Available data:
================================

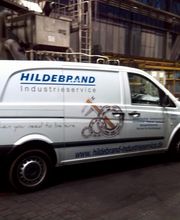 hildebrand industrieservice Bild 3
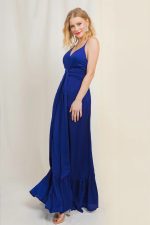 Vestido Karla - Imagen 3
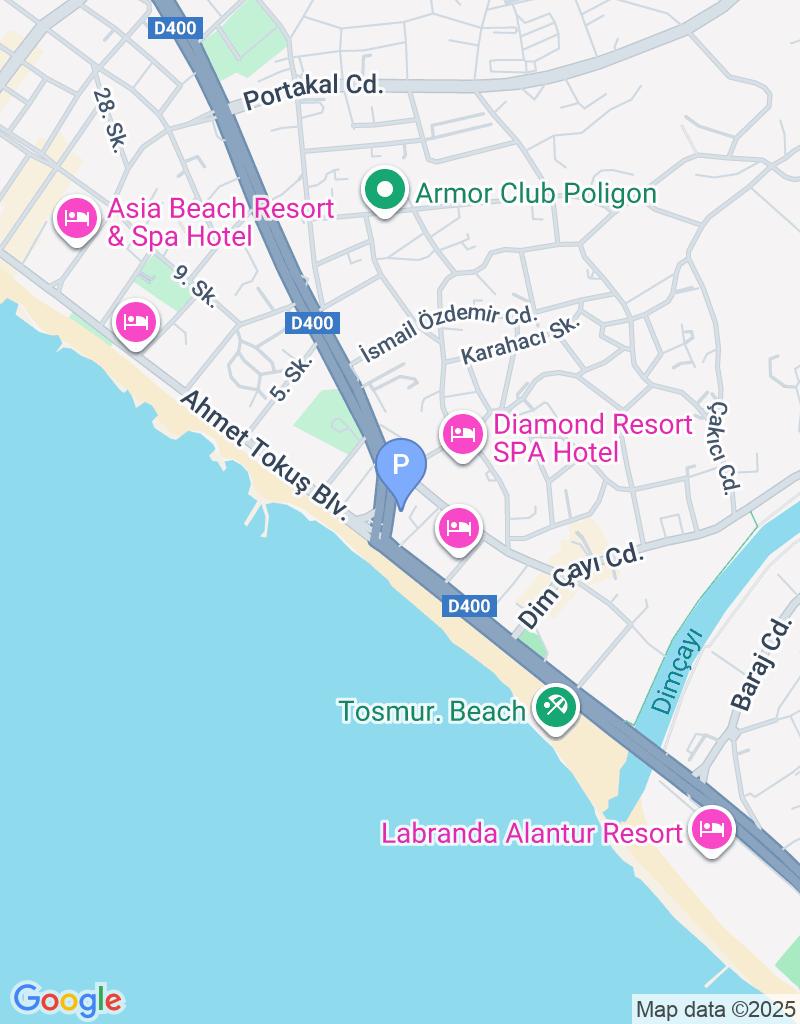 Map placeholder, click to load interactive map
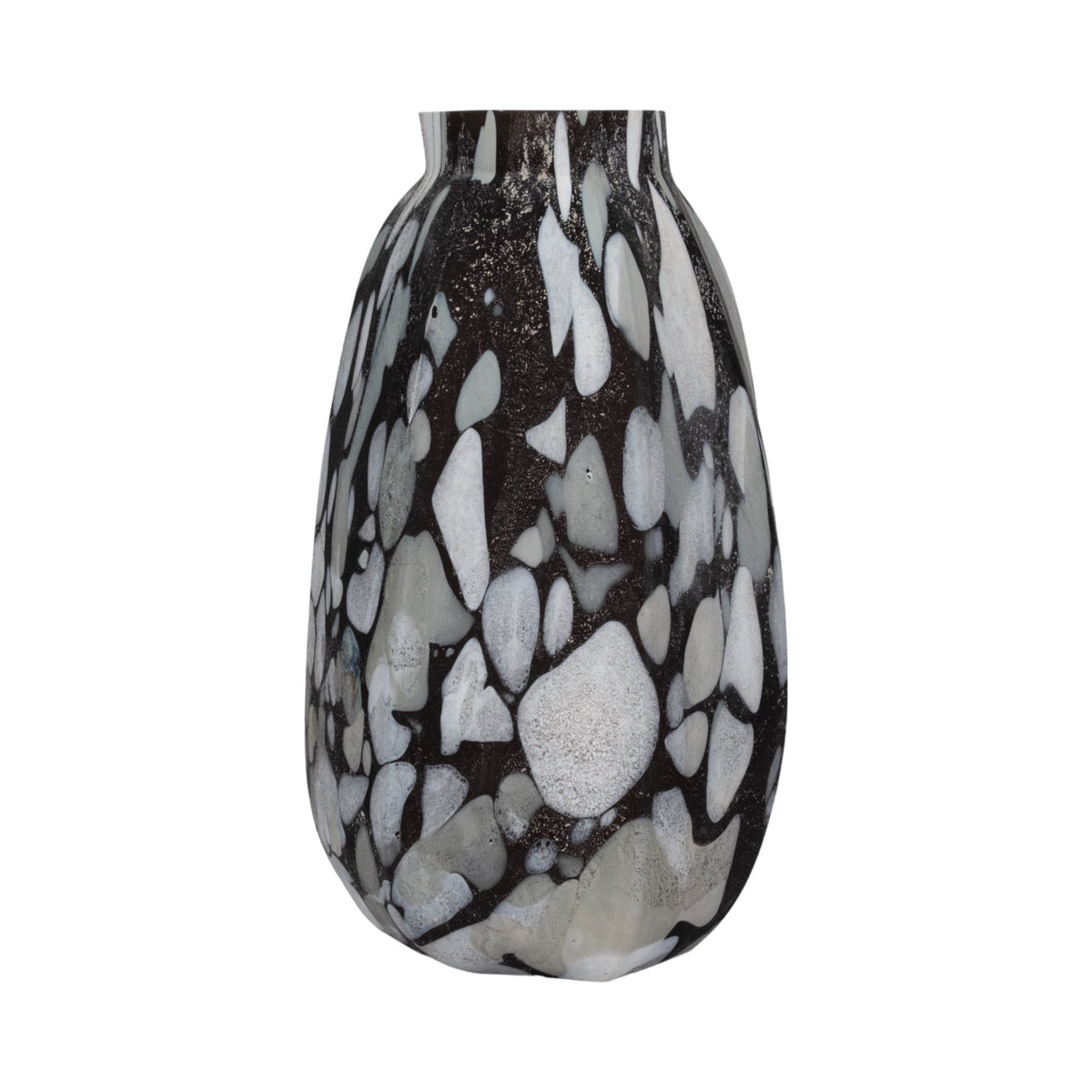 Glass Vases Vases and Jars| Sagebrook Home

================================

Work instruction: Copy word for word every line from the one holding "Map placeholder, click" to the end of the listing, both ends included, but do not copy any pictures.

Response to the task:
 Map placeholder, click to load interactive map
 Glass Vases Vases and Jars| Sagebrook Home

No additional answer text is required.